Normally, the invasive species themselves or the chemical used to eradicate them will kill the native species, Ward said. Although herbicide did reduce populations of native species, he said these all recovered by 2021.
Gospodarek said he likes the return of native plants to the lake. “Right now, we are at a high point of what the good species of plants are supposed to be,” he said. “We do not have weeds that are taking over like an invasive species does. “When you get an invasive species, it takes over and clears out other plants.”
When people try to eradicate these powergrabbing invasive species, Ward said native plants may get knocked down. “There was a little of that in 2018,” he said. “But, it looks like it all came back.” One native plant that returned is watermilfoil, Ward said. “That’s a good sign that they were not knocked out completely by the invasive,” he said.
Northern and similar watermilfoils provide cover for fish, and do not take over the lake bottom, Gospodarek said. The muskgrass population of Pigeon Lake has increased since 2012, following a sevenyear decline, the report states.
Muskgrass ties up phosphorous to keep it from polluting the lake, Ward said. Gospodarek calls muskgrass, “good weeds.” Other desirable weeds, such as slender and southern naiads, had steadily declined since 2011, with an increase from 2017 to 2018 following treatment, the Onterra report said. Slender naiad is a source of food for migratory waterfowl.
Gospodarek said he has seen good numbers of geese and ducks on Pigeon Lake. “It is pretty cool to see them,” he said.
Similarly, the report said that Illinois pondweed had a significant increase from 2018 to 2021. Despite its name, Gospodarek said Illinois pondweed is a good weed and native to Pigeon Lake.
In early stages of treatment for Eurasian milfoil, Ward said some fishermen were concerned that treatment would hurt the fishery. “The fact that we have a strong native plant community will provide for a better fishery,” he said. With Eurasian milfoil in the lake, Ward said predator fish often could not get at other fish, which can stunt their growth.
Since the Eurasian milfoil treatment, Gospodarek said he has seen an increase in fishermen using the boat landing. “Fish are plentiful,” he said. “We have bass, crappies, bluegills and northerns. There are some walleyes that have been caught. “We have a lot of activity from fishermen to kayakers to people who bring sailboats and paddle boats. It is a very active lake because people like the clarity.”
Because of recent efforts, Ward said the water clarity of Pigeon Lake is good down for more than 20 feet. This compares to Silver Lake, where the water quality is good until just four or five feet. “Good water clarity provides good habitat,” he said. Pigeon and Cedar lakes are the tops in water quality in Manitowoc County, Ward said.

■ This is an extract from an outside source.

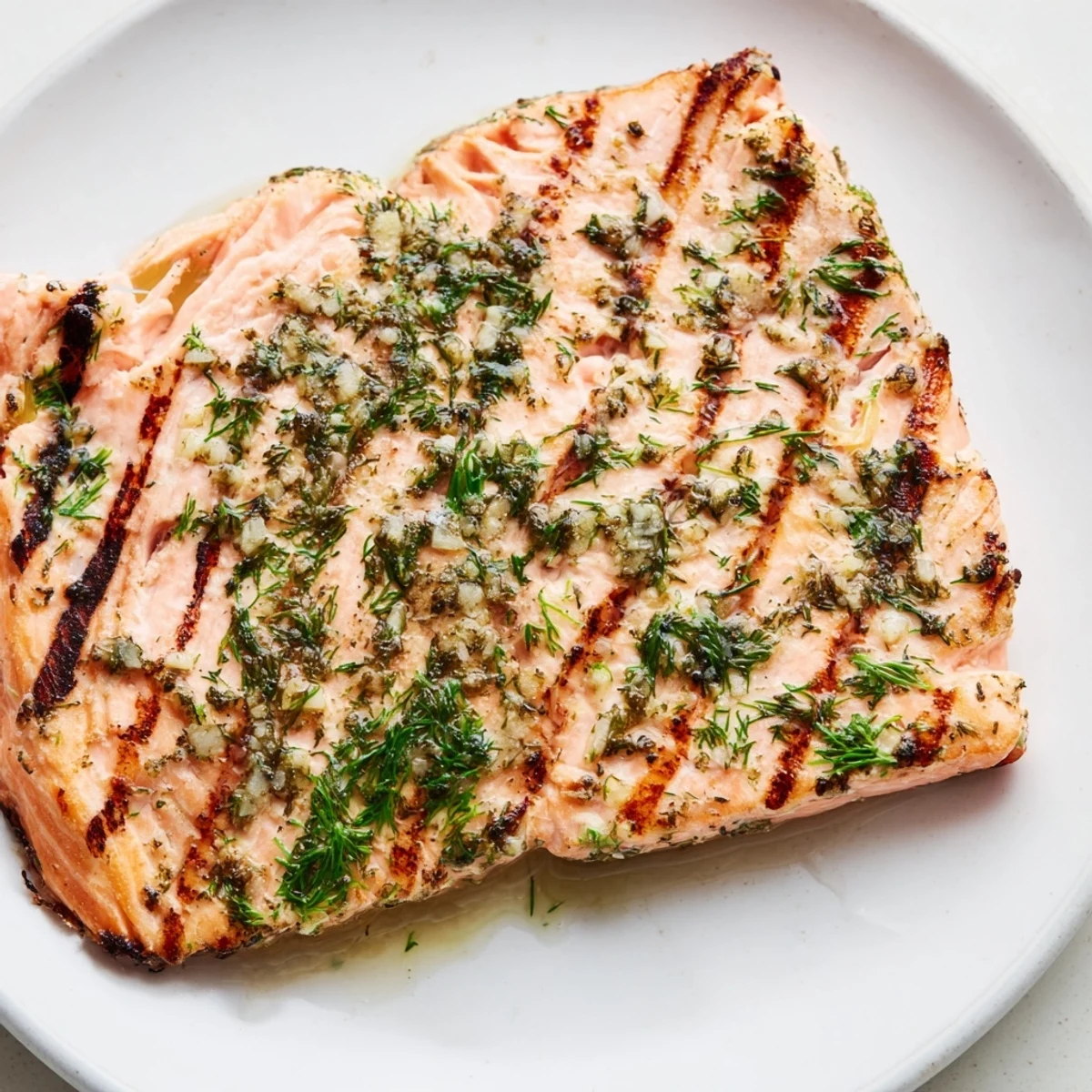 Sizzling Lemon Herb Grilled Salmon on a plate with asparagus and roasted potatoes.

Likewise, Gospodarek said he notices improved health of Pigeon Lake. “We’ve got a great healthy lake,” he said. “It is what we are proud of. That is why we work on it every day.” In addition to chemical treatment, Gospodarek said that inspections of boat bottoms for invasive species have also made Pigeon Lake better for users and native species.
Gospodarek said the association will continue to monitor the lake for Eurasian milfoil. While he sees no need for further treatments, Gospodarek said if future surveys show Eurasian milfoil has returned, the association “will begin the fight again.”
“The fight will consist of monitoring and zeroing in on the areas where the milfoil is and the areas where it was years ago,” he said. “It will probably come up where it existed in the past.”